そんなわけで、今回は以下のパロディをもって、私の主張の代弁とさせて頂きたいと思います↓
No.00000 - ◎/○/▽ (■) ●:▼
Re: 山本弘は本当にダメダメなのか / □×△
前のスレッドが長くなりすぎたので、ちょうどいい機会ですから、こちらに続けさせていただきます。
とは言うものの、私はもう、この議論にうんざりしています。
反論もいろいろ考えたけど、何を書いても前に書いたことの繰り返しになってしまうのでやめました。これ以上、同じことを書きたくない。
私があきれたのは、
●自分が提示した「ハンバーガー」の比喩が持つ意味を自分で全く理解していない人
●自分の映画評価は一般観客や映画制作者より優れていると思っている人(なんか「我は偉大なり、我を信じよ」と意味もなく絶叫するトンデモさんみたい……)
●「『インディペンデンス・ディ』『アルマゲドン』の映画制作者は頭の悪いバカだ」という主張の根拠が「自分個人の主観的価値観」だけしかないのに、それのみで万人を納得させられると思い込んでいる人
●誰ひとりとして言ってもいないことに対して怒る人(「科学考証の観点から言っても、これらの映画の監督や脚本家は頭がいい」なんて誰も言ってないのに)
●長文をアップするのは「議論相手やROMに対して、自分の主張や意図を詳細かつ分かりやすく伝えることによって、誤解されたり曲解されたりしないようにするためのマナー」だという、ごく当たり前のことを理解できない人
こんなにも山本弘の発言者・言論者としての質が低いとは思わなかった、というのが正直な感想です。
これ以上、繰り返しても何にもならないと思うので、これで最後にします。最後にもう一度だけ、私の言いたいことを言うので、よーく聞いてね。
山本弘みたいに『インディペンデンス・ディ』や『アルマゲドン』を嘲笑う奴だっている。だから「科学考証の観点から見たら、『インディペンデンス・ディ』や『アルマゲドン』は非常におかしな描写が存在するから出来が悪くて面白くない」と評価したってかまわない。ハンバーガーが嫌いでもけっこう。
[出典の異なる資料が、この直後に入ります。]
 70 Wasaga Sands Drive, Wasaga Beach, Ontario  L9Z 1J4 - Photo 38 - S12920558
あれらが一般受けする映画だと分かったうえで、「それでも俺はこれらの映画が嫌いなんだ」と言うだけなら、私は何も言いません。
ただ、映画や作品のテーマや基本的なコンセプトすら全く理解しようともせず、また具体的な客観的根拠を何ら提示することもなしに、「自分個人の主観的価値観」ベースのみの作品評価に基づいて「この映画の監督や脚本家は頭が悪い」と断罪したかと思えば、一方で同じくらい科学考証に大穴が存在する田中作品を、これまた具体的な客観的根拠を何ら提示することもなしに、「自分個人の主観的価値観」ベースのみの作品評価に基づいて「フィクションだから」とか「SF考証に配慮して書かれているから」とか「ストーリー上の必然性だから」とかいった理由で免罪したりするのだけはやめていただきたい。それはとてつもなく恥ずかしいことだから。いくら山本弘が怒り狂おうが、山本弘の個人的価値観を共有しない映画ファンや、創作を生業としているプロには、あれらの映画が一般受けすることや、山本弘の評価手法が支離滅裂かつダブルスタンダードだらけの愚劣で醜悪で滑稽なシロモノであることが一目で分かるんだから。
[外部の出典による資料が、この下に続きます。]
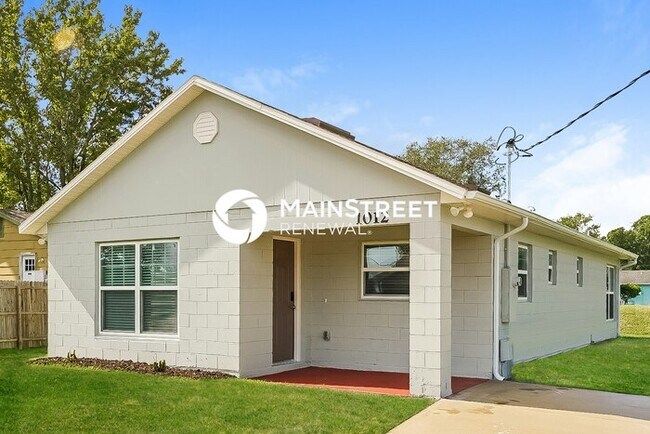 Foto del edificio - 3 Bedroom Pet-Friendly Home in SANFORD, FL...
山本の思想に帰依することで選民意識を満足させていた連中が、自らのすがるものこそがトンデモであると決め付けられたショックに加え、山本側の主張が論として太刀打ちできない現実にヤバさを感じ、
「この件は無かったことにして、これからも山本がトンデモと断じた物件を肴に選ばれし我々が楽しむのを邪魔しないで欲しい…」
と思うあまり議論の打ち切りを叫び、山本もそれに便乗して逃げを打った…といったところでしょうか。
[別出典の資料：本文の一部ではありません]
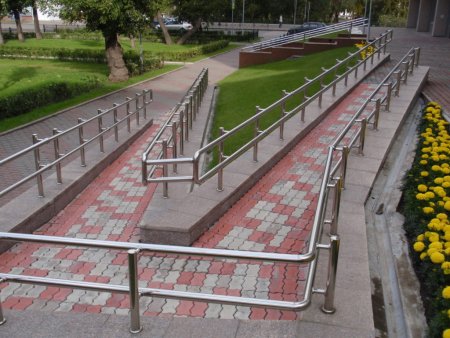Пандус из нержавейки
御大は、論としてまるでかなわないので、負け惜しみ気味に
「有名人にかまってもらいたいだけの粘着気質の小物なぞ相手にしてられるか」
くらいに考えているのでは。プラス「創竜伝が」トンデモに該当しないことを証明するためには、数々のツッコミにいちいちまっとうな理由付けをせねばなりません。それがかなり困難を極めることは、山本も理解しているでしょうし。もちろん、田中との良好な関係を維持し続ける以上、トンデモ認定することも出来ないし。事実上身動きが取れない。無様ですね。
ところで、今回の件とは別に。常日頃
「(田中に限らず)大物相手の批判は作家生命にかかわるので出来ない」
などと、みっともない姿勢を若い読者の前にさらすことが、どれだけ悪い影響を与えるのかを考えたことがあるんですかね。かつて自身が特定作家をなじったように。